The third factor-avoiding piecemeal litigation-isn't neutral, however. The piecemeal factor “was paramount in Colorado River itself[.]” Moses H. Cone, 460 U.S. at 19. “‘Piecemeal litigation occurs when different tribunals consider the same issue, thereby duplicating efforts and possibly reaching different results.'” Leago v. Ricks, No. 20-cv-03297-NRN, 2021 WL 2650316, at *4 (D. Colo. June 28, 2021) (quoting Am. Int'l Underwriters, Inc. v. Cont'l Ins. Co., 843 F.2d 1253, 1258 (9th Cir. 1988)). When assessing this factor, courts consider the degree to which the issues overlap in the state court and federal court cases. See Foxfield Villa Assocs., 918 F.Supp.2d at 1199 (“[D]uplication of proceedings is almost certain to occur, as the issues being litigated in state court mirror those before the court in this action....[T]he issues and factual circumstances in both cases are nearly identical.”); Cassino v. JPMorgan Chase Bank Nat'l Ass'n, No. 20-cv-03228-RM-KLM, 2021 WL 3666964, at *5 (D. Colo. Aug. 17, 2021) (“[T]his Court would be considering many of the same issues as the state court....Therefore, due to the substantial risk of piecemeal litigation were this action to continue, the Court finds that this factor weighs heavily in favor of abstention.” (quotation cleaned up)); Tetra Tech Inc. v. Town of Lyons, 641 F.Supp.3d 1042, 1061-62 (D. Colo. 2022) (“[T]he Court finds that the relief Plaintiffs seek in this action . . . would certainly result in this Court considering the same issues that the state court has already ordered to be submitted to binding arbitration....[T]he Court finds this factor weighs significantly in favor of abstention.”).

Here, the state and federal cases turn on the same issues and factual circumstances, as the court already has outlined, See § III.B. Plaintiff's purchase of a used vehicle, disputes about accompanying documentation, and disputes about collection efforts for the affiliated loan fuel both the state and federal actions here. So, the cases turn on an identical underlying dispute. Indeed, the court demonstrated-in footnote six, above-that the claims in each one of plaintiff's ten counts in this case rely on allegations she also presented in state court. Such overlap suggests there's considerable risk of wasted judicial resources and potentially inconsistent results. See Health Care & Ret. Corp., 324 F.Supp.2d at 1206 (explaining that possibility of inconsistent results and the waste of court's and parties' resources justified staying the case to best promote judicial economy). And so, this factor heavily favors applying the Colorado River doctrine to stay or dismiss this case.
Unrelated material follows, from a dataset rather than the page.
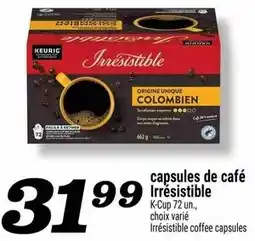 Marché Richelieu Keurig Irresistible coffee capsules offer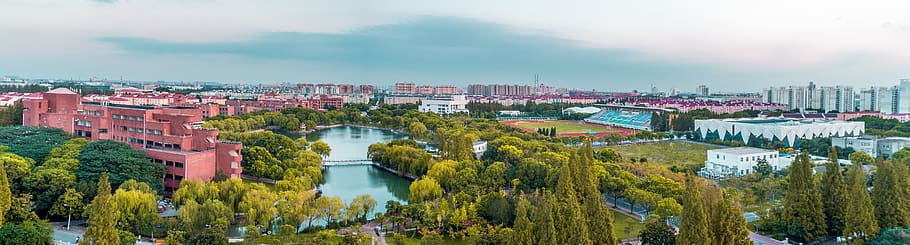 shanghai jiao tong university, panorama, jiaotong university, aerial, run, architecture, building exterior, city, built structure, sky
The strain on judicial resources is a weighty consideration in this case because plaintiff is a prolific filer. Even after United States Magistrate Judge James has made a considerable dent, there are still 39 plaintiff-filed motions pending to date-all filed in the last three months. This mountain of pending motions exceeds that of any other case on the court's docket. So, plaintiff not only asks this court to resolve the same underlying dispute as the state court, but she asks it to do so in a voluminous, resource-intensive fashion. Her prolific filing heightens the court's concern about the waste of judicial resources if the cases in both forums proceed.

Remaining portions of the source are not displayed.